You’ve got to hand it to Maddow. Other primetime talk show hosts have made it their operative shtick to interrupt and berate their guests. In this interview, though, Maddow gives Bahati ample room to lay out his argument. She herself is direct and on point, and asks Bahati some simple, insightful questions — questions that uncover the vacuum of an argument that Bahati depends on in order to defend his "Kill the Gays" bill.
Near the beginning of the interview, Bahati claims that foreign money is being used to recruit Ugandan children into homosexuality:
"…We have a huge problem in our country…the problem of people who are coming from abroad…investing money to recruit children…into a behavior that we believe is a learned behavior and can be unlearned…"
Later on, Bahati gets more concrete: he claims that, in the last seven months, close to 15 million U.S. dollars have been invested in part in this harmful recruitment program. When pressed by Maddow to present some actual evidence, though, the Ugandan politician can’t muster anything. He only says that he is "very willing to publish these facts" on this deliberate targeting of Ugandan children. (Honesty, we hope to see Maddow follow up with Bahati regarding this offer.)
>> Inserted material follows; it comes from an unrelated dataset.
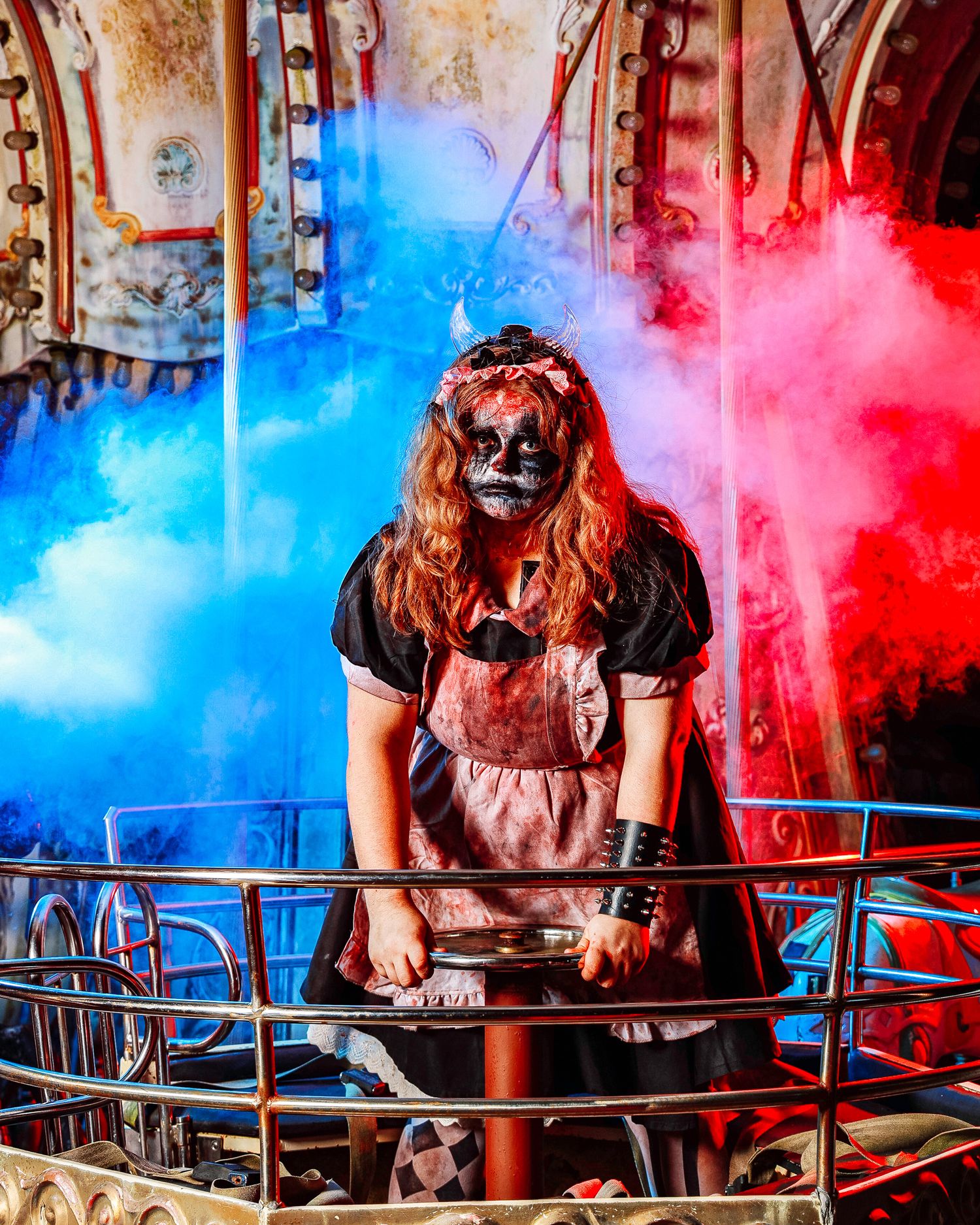 A person in a Halloween costume sits at a table surrounded by dramatic red and blue smoke effects.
All in all, it’s a compelling interview. And for U.S. LGBT rights and human rights activists, I hope that they can read between the lines when Bahati says in the interview that he is willing to drop the Anti-Homosexuality Bill’s "aggravated homosexuality" clause — a stipulation that would impose the death penalty on certain LGBT Ugandans. Here, it seems like Bahati is pushing his grand bargain: he’s willing to take the death penalty off the table in exchange for keeping the life imprisonment clause and other odious stipulations in the bill. Hopefully that’s a "compromise" that the Ugandan Parliament and Uganda President Yoweri Museveni — and we (as shown in our continued activism) — won’t accept.